Walter’s persistence that Skyler accept the money derives from several motivations. First, it would make him feel better, providing him with some measure of absolution for the bad things he did to earn it. Additionally, her acceptance of the money would draw her into his illegal activities, also making her guilty because she is aware of the money’s origins. In effect, her acquiescence would render her ‘moll’ to his illegal ventures. But most relevant for this discussion, he stakes his claim for her to accept the money on the basis of an economic argument, located in his role as primary breadwinner for the family. For this reason, he earmarks the money for family expenses, for mortgage, groceries, health insurance, and the children’s college tuition. Similarly, this accounts for why he repeatedly emphasizes that he has earned the money.
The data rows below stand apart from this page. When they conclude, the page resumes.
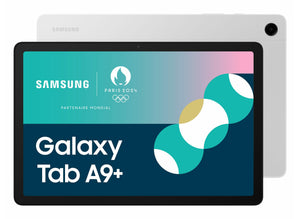 Samsung Galaxy Tab SM-X210 Qualcomm Snapdragon 128 Go 27,9 cm (11") 8 Go Wi-Fi 5 (802.11ac) Android 13 Argent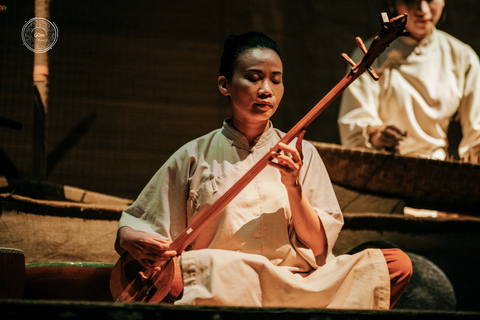 Hanoi: GOm Show – The Sounds of Ceramics Ticket GOm Show Ticket – Dan Nieu Zone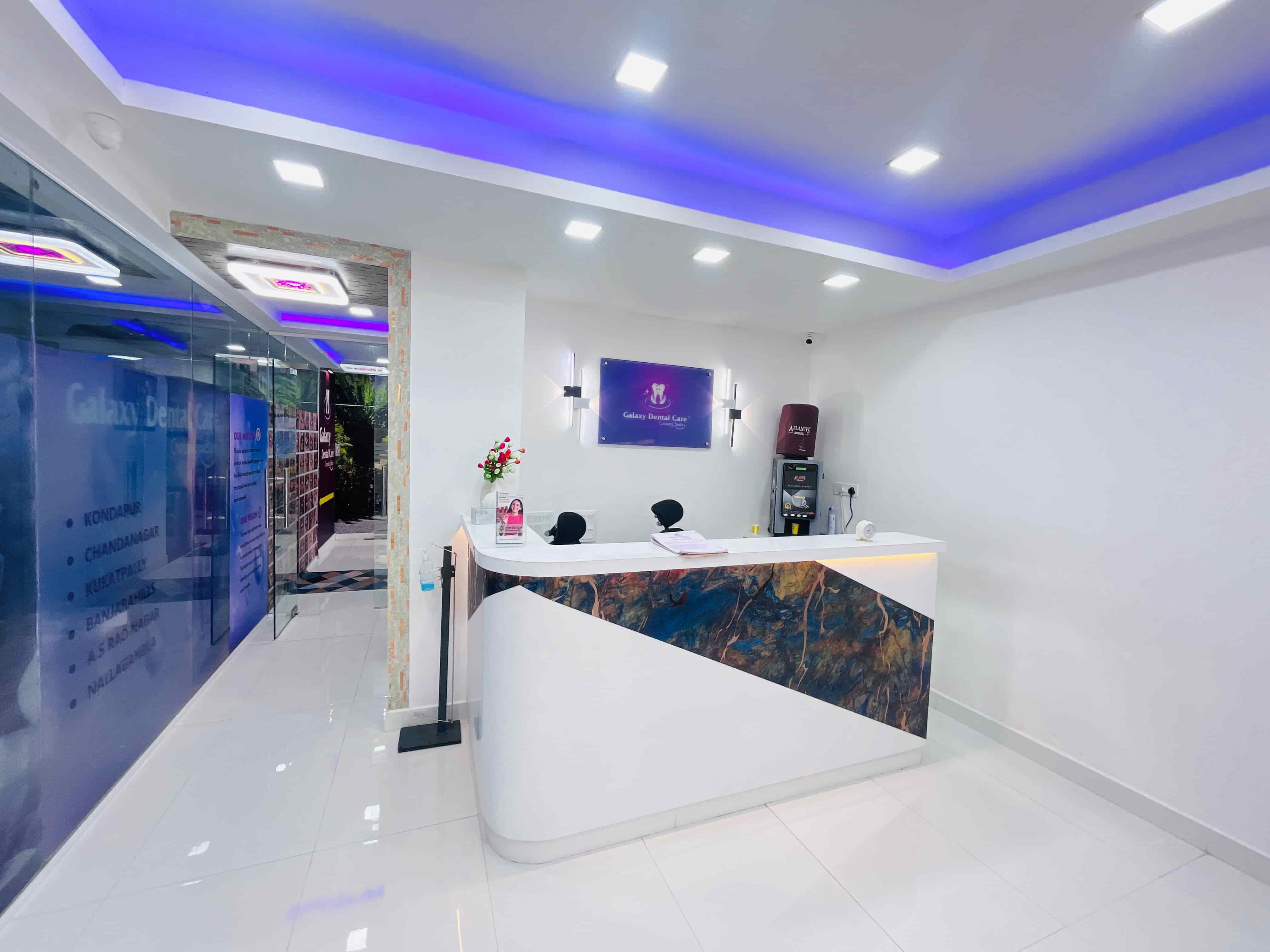 Nallagandla Clinic Interior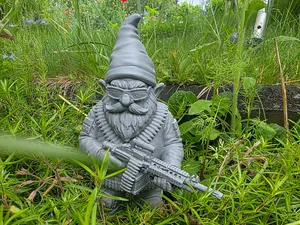 Heavy Gunner Kommando-Zwerg-Kräfte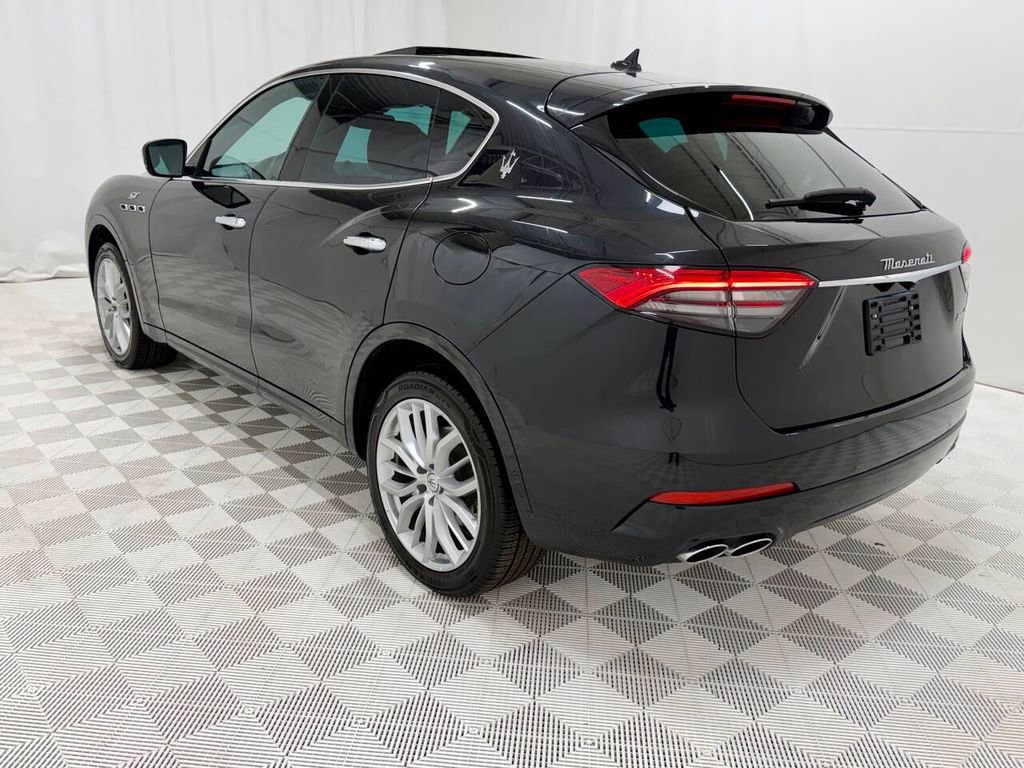 Used 2022 Maserati Levante GT video 2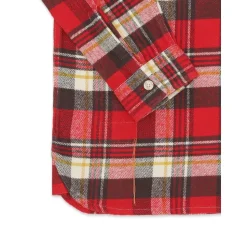 MESCAL PS001 Flanell Overshirt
Walter’s belief that he is fulfilling—even excelling at—his marital and familial role as economic provider constitutes his side of the story, which he earlier chastises Skyler that she has not yet heard. Indeed, he is convinced that his motivation is so reasonable, so evidently laudable, he fully expects she too will be won over by the dutiful selflessness he has exhibited for the sake of the family. At a certain level, Walter does not believe—cannot imagine—Skyler will fail to see events in his terms: not only acceptable but admirable because he carries out his role as husband and father, understood primarily as breadwinner. Yet clearly, Skyler does not accede to the situation within the framework Walter has established.
5
Skyler explains to her lawyer, the only person she ever confides in, that instead of having her family pay all the material and emotional repercussions for Walter’s illegal activities, her plan is to wait until her husband’s lung cancer ‘resolves’ the situation for them.